Felisha Gonzalez, MD, wasn’t just interested in studying problems—she wanted to offer solutions.
A fourth-year emergency medicine resident in Boston, Dr. Gonzalez has researched racial disparities in how restraints are used in the emergency department and bias in medical student evaluations. Her findings pointed to deep-rooted inequities in the system. To push her work beyond data and into impact, Dr. Gonzalez—an AMA member—applied for the AMA Medical Justice in Advocacy Fellowship.
“Finding the answer to a question doesn't necessarily change the system and it doesn't affect the populations that you've studied in the way that you hoped that it would, unless you take it a step further and lead those changes in some way, shape or form,” she said in an interview.
Dr. Gonzalez is in the third cohort of physicians to take part in the fellowship. Run by the AMA and the Satcher Health Leadership Institute at Morehouse School of Medicine, the program is a collaborative educational initiative to empower physician-led advocacy that advances equity and removes barriers to optimal health for marginalized people and communities.
Understanding inequity
Dr. Gonzalez knew that she wanted health equity to be part of her career path.
Dr. Gonzalez has conducted research projects that examined systemic inequities in care. A study she led on restraint use in the emergency department, analyzing disparities based on race, insurance status and social identity found that patients who were Black and had a mental health or substance-use diagnosis were twice as likely to be restrained as white patients meeting the same criteria.

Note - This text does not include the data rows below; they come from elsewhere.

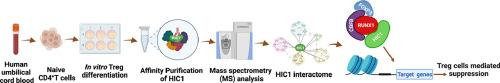 HIC1 interacts with FOXP3 multi protein complex: Novel pleiotropic mechanisms to regulate human regulatory T cell differentiation and function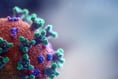 Data shows a rise in coronavirus cases in the South West

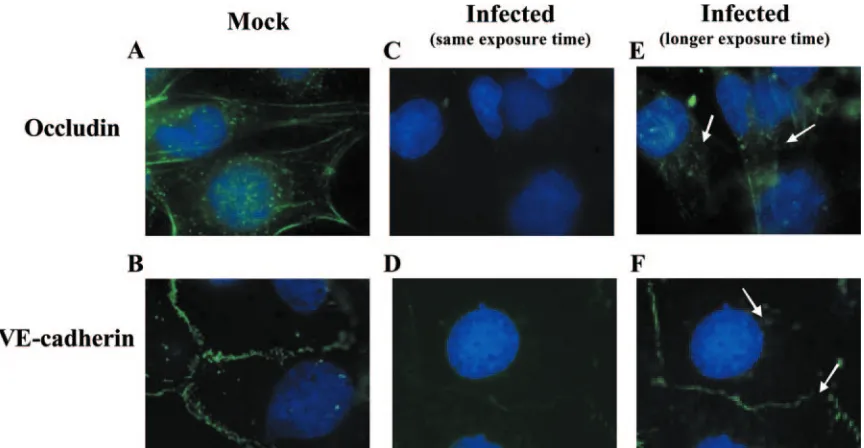 FIG. 7. HCMV infection of endothelial cells promoted junctional protein internalization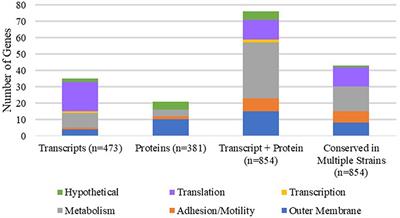 Insights Into Mechanisms of Biofilm Formation in Acinetobacter baumannii and Implications for Uropathogenesis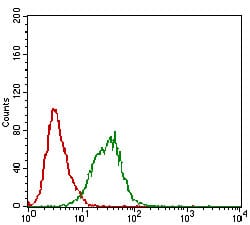 Figure 4: Flow cytometric analysis of A431 cells using DAPK3 mouse mAb (green) and negative control (red).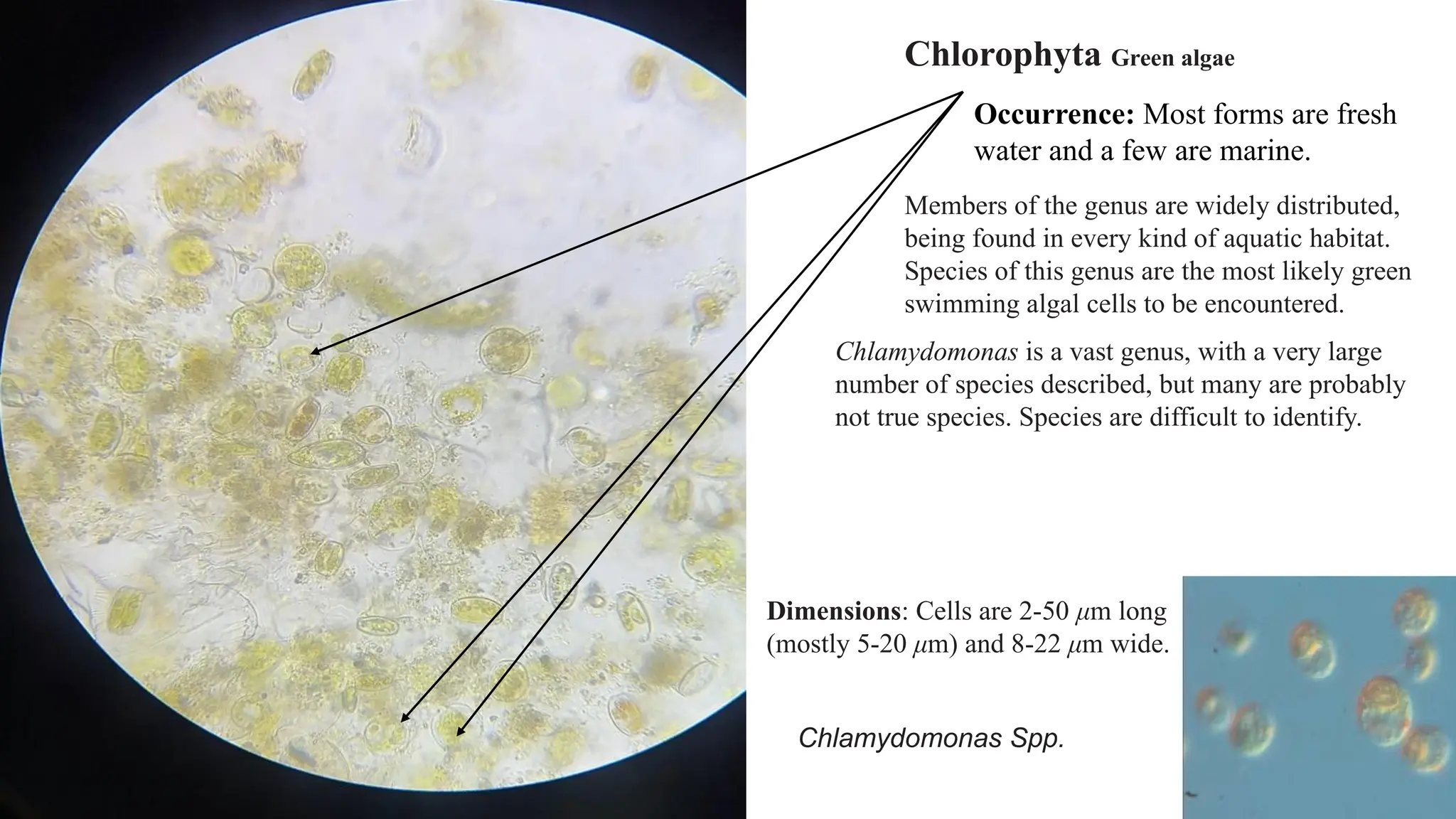 Chlorophyta Green algae
Occurrence: Most forms are fresh
water and a few are marine.
Dimensions: Cells are 2-50 μm long
(mostly 5-20 μm) and 8-22 μm wide.
Chlamydomonas Spp.
Members of the genus are widely distributed,
being found in every kind of aquatic habitat.
Species of this genus are the most likely green
swimming algal cells to be encountered.
Chlamydomonas is a vast genus, with a very large
number of species described, but many are probably
not true species. Species are difficult to identify.
 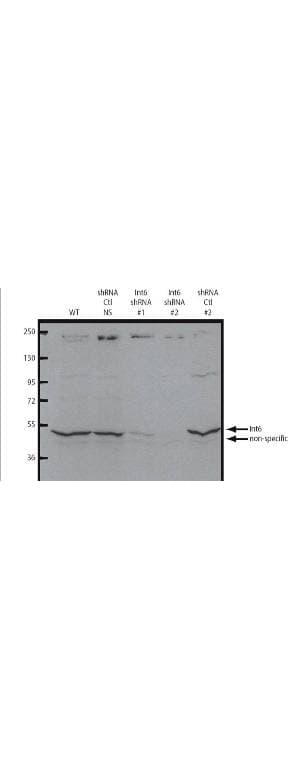 Polyclonal Rabbit anti-Mouse EIF3E Antibody (C-Terminus, WB)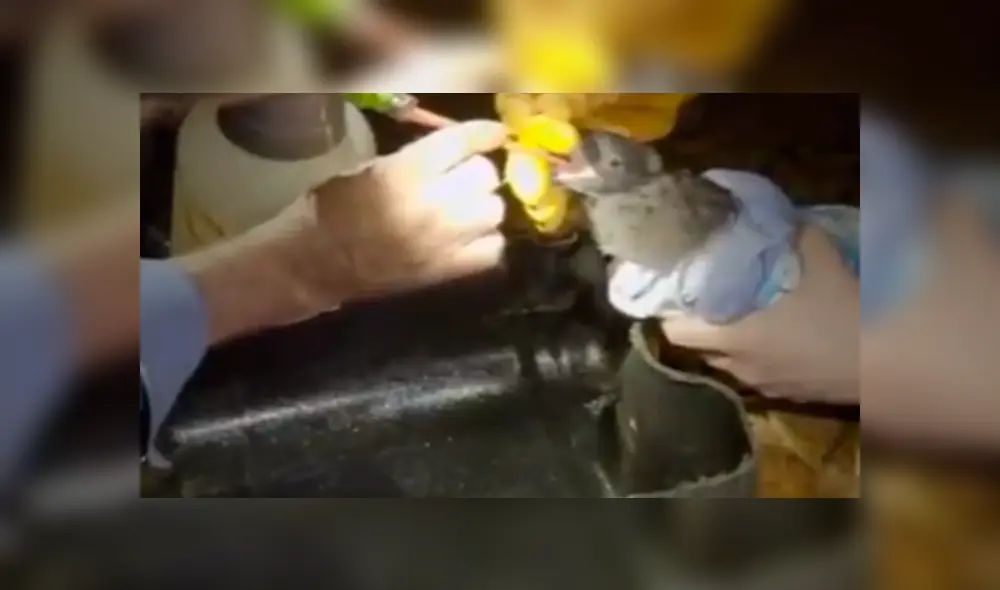 YouTube viral: Ayudan a expulsar extraña sustancia que se había quedado en estómago de ave YouTube viral: Ayudan a expulsar extraña sustancia que se había quedado en estómago de ave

“That disparity is very discordant with what we actually see as the perpetrators of violence in our workplace,” she said.
Another project examined racial bias in the standardized letters used to evaluate medical students. Her linguistic analysis found that medical students from historically excluded racial and ethnic groups were more frequently described using communal language—words tied to empathy or likability—rather than those linked to skill or leadership.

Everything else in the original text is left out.